Namun, apakah kalah debat itu membuatnya masuk Islam dengan sungguh-sungguh? Ternyata tidak. Filiphus merasa masuk Islam tidak secara benar. Dia sedang marah dan masuk Islam dalam keadaan tidak ikhlas sama sekali.

Meski begitu, mengetahui Filiphus menjadi Muslim, keluarganya kecewa berat. Ayah Filiphus marah besar karena merasa telah dicoreng hitam wajahnya. Dia ambil linggis untuk menghabisi anak yang sebelumnya dia banggakan. Namun, Filiphus berhasil lolos.

Tak berhenti di situ, keluarga Filiphus lainnya juga tak terima akan keislaman pendeta muda itu. Berkali-kali keluarga berupaya membunuh Filiphus. Kakak perempuannya menghunuskan sebuah parang panjang. Dia mengejar dan siap menebas adik lelakinya. Akan tetapi, Filiphus kembali berhasil meloloskan diri dari ancaman maut.

Misi Rayap

Meski nyawanya terancam karena keislamannya, saat itu Filiphus sama sekali tak berniat keluar dari Islam.

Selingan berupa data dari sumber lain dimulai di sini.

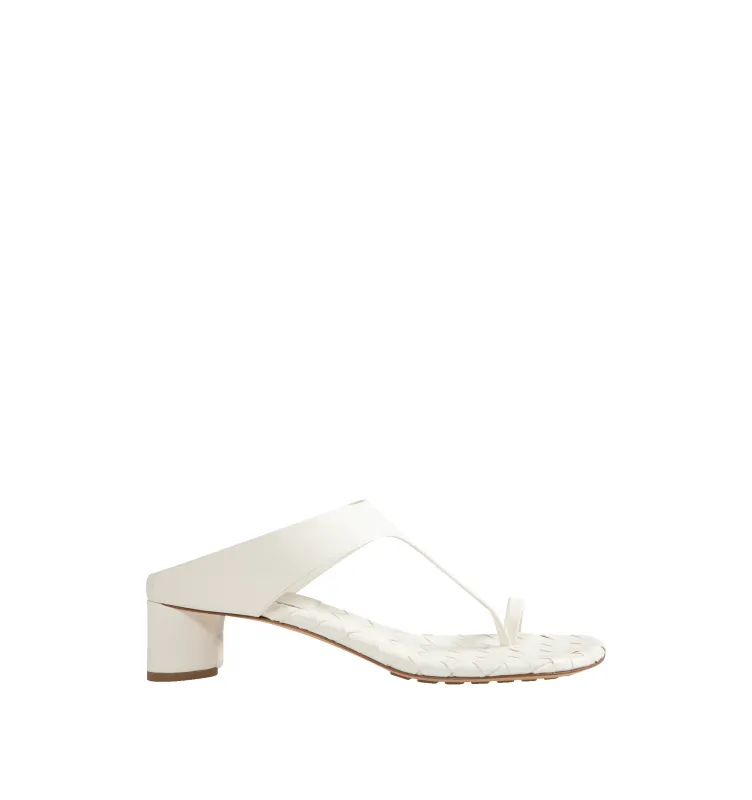 LIVIA THONG SANDAL (WOMENS) made by Bottega Veneta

Namun, dia memang belum sepenuh hati memeluk Islam. Pendapatnya tentang Islam dan Muslim pun belum berubah. Baginya, setiap yang berhubungan dengan Muhammad, Arab, dan Islam itu tidak ada yang perlu diseriusi. Dia anggap itu tak ubahnya sampah yang harus dibuang pada tempatnya.

"Mumpung sudah banyak orang yang tahu saya sudah masuk Islam, ya udah, nyebur aja di dalam. Terus, sambil cari tahu keburukan-keburukan, kesesatan-kesesatan ajaran Muhammad di dalam Islam, tetapi cari tahunya dari dalam," pikir Filiphus. Dia merasa mendapatkan ide cemerlang. Dia merasa punya kewajiban mengemban misi rayap, menghancurkan sesuatu yang dia benci dari dalam.

Dia bocorkan maksud hatinya itu pada sebagian kecil keluarganya. Dengan pura-pura Islam, dia bermaksud melakukan penyelidikan. Filiphus lantas mengembara.

Dengan modal keterangan resmi sebagai mualaf, tak satu pun lembaga, guru maupun rekan santrinya yang curiga. Dia datangi satu per satu pesantren yang katanya radikal, baik di Manado, Sulawesi, sampai di Magelang, Jawa Tengah. Pondok yang dikabarkan radikal, garis keras, perempuannya memakai cadar, lelakinya berjenggot menjadi target utamanya. Dia ingin buktikan dan ungkap bahwa Islam radikal, teroris, pesantrennya ada program khusus merakit bom, dan melatih jihadis untuk 'pengantin peledak'.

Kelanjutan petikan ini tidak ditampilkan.